T cell exhaustion in CLL

Interaction of B7/CD28 family members are known to regulate and fine-tune the magnitude and quality of T cell responses. Recently, a novel inhibitory receptor on T cells PD-1 (CD279) was shown to interact with two B7 receptor family members PD-L1 (B7-H1; CD274) and PD-L2 (B7-DC; CD273). Originally , it was described that PD-1 is expressed following T cell activation and mediates peripheral T cell tolerance upon interaction with PD- L1/2 expressing target cells. Novel findings have shown that viruses and some tumours exploit the PD-1/PD-L pathway for immune evasion by tolerogenizing specific T cells to induce a state termed "T cell exhaustion", characterized by constitutive expression of PD-1, ablation of cytokine production and decreased proliferative potential. Chronic lymphocytic leukaemia (CLL) is a B cell malignancy marked by accumulation of monoclonal CD5+ CD19+ B cells in blood and lymphoid organs. Although CLL is a B cell lymphoma, early studies in our laboratory and from other groups have pointed to T cell involvement in disease progression and tumour growth. Based on these findings, we started to phenotypically characterize T cells from CLL patients in regard to T cell exhaustion and found a significant higher proportion of exhausted T cells in CLL patients compared to healthy individuals. From these preliminary data, we now propose a project that aims at elucidating the significance of exhausted T cells for CLL using primary patients` samples as well as a mouse model for this disease. Since CLL is still incurable, our findings will be crucial for a deeper understanding of this disease and for the development of new therapeutic approaches.

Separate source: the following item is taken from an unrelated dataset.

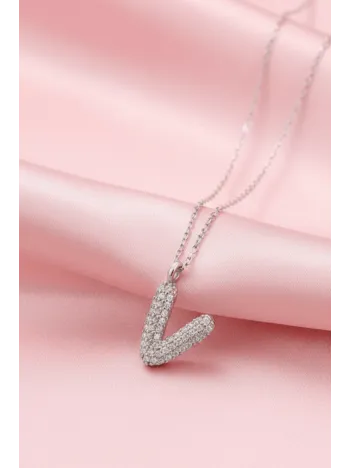 Kadın Gümüş Kolye - 925 Ayar Zirkon Taşlı Balon V Harfi Bayan Kolye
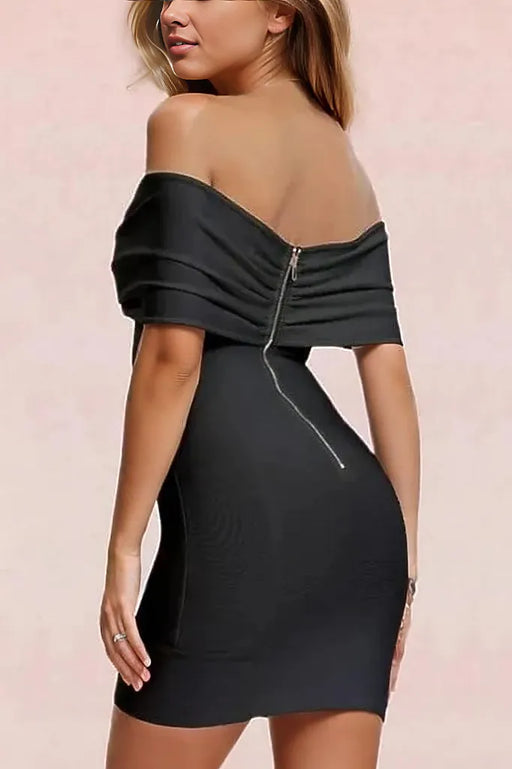 Woman wearing a figure flattering  Tanya Bandage Mini Dress - Classic Black BODYCON COLLECTION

T cell exhaustion is the functional silencing of antigen experienced T cells, contributing to peripheral T cell tolerance to avoid extensive immune pathology during T cell responses. T cell exhaustion was initially reported for virus specific T cells upon chronic infection, such as HIV or CMV. However, T cell exhaustion was also found to occur in cancer and is supposed to significantly contribute to immune evasion of cancer cells by rendering cancer specific T cells non-functional. A key molecule in T cell exhaustion was found to be programmed death-1 (PD-1), which functionally impedes T cell receptor mediated signaling on exhausted T cells. In addition to PD-1, a number of different inhibitory receptors were recently found to be associated with T cell exhaustion. The concept that the exhausted phenotype could be reversed by simply blocking these inhibitory receptors with monoclonal antibodies led to a renaissance of cancer immune therapy with specific immune checkpoint blockade using PD-1 antibodies being considered as a major breakthrough in cancer treatment. In this project, we were able to gain new insight into T cell exhaustion in chronic lymphocytic leukemia and contributed to a better understanding regarding receptor composition and reactivability of silenced T cells intending to increase efficacy and efficiency of future checkpoint inhibition strategies.